Survey development: After systematic, extensive review of existing literature, a survey instrument was developed to query participants on their views toward broad consent and data sharing, using one of three possible data sharing scenarios. The instrument was pretested and refined through cognitive interviews in a convenience sample of up to 10 individuals per site at 6 different sites to ensure that all content within the survey was clear and comprehensible. Respondents were randomly assigned to 1 of 3 hypothetical scenarios:
(A) specific consent + controlled data-sharing
(B) broad consent + controlled data-sharing
(C) broad consent + open data-sharing
Measures included willingness to participate in a biobank; willingness to enroll one’s child in a biobank; reasons for being un/willing to participate; trust; and attitudes regarding privacy.

Sampling strategy: A stratified sampling approach used census information to oversample individuals with low education, from rural areas, and minorities.

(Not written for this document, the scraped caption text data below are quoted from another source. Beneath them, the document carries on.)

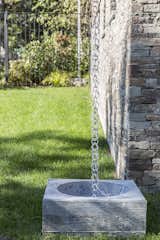 An aluminum rain chain diverts rain water into a custom-made board form concrete basin, which then irrigates the terraced gardens.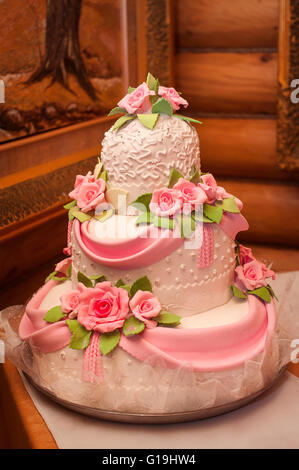 Three Tiered Purple Wedding Cake With Funny Cake Topper Stock Photo Alamy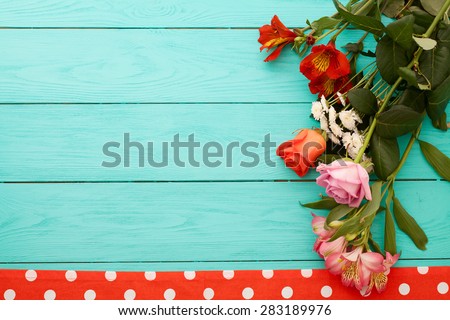 Frame of flowers near tablecloth in polka dots on blue wooden background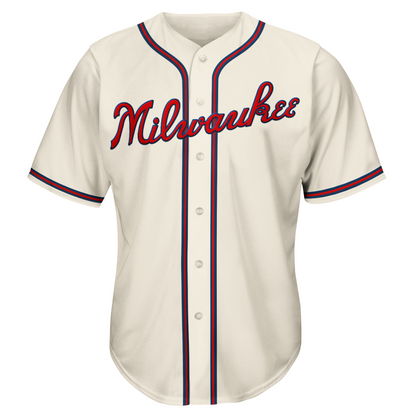 Milwaukee Braves cream jersey. Milwaukee in cursive in red with blue trim across chest. #44 lower right in red with blue trim. Blue, red, and blue stripe around sleeve ends, around neck and down front on both sides of buttons. Royal Retros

Pilot results:  The survey was piloted to 1500 individuals in the fall of 2014 to assess the wording of the questionnaire, review response patterns, and provide preliminary summaries on biobank views. The sampling strata classified the 163 survey respondents as 26% Hispanic, 13% African American, 46% from rural areas and 26% with less than a high school education. The survey-adjusted average willingness to participate score (1=not at all, 5=yes, definitely) was 3.5 (95% CI: 2.9-4.1).

Current status: Modification of the survey was made based on the pilot and the full survey was sent to over 80,000 individuals beginning in April of 2015. Final data files were received in September 2015. The data is currently being analyzed overall and stratified by multiple factors that may affect the results.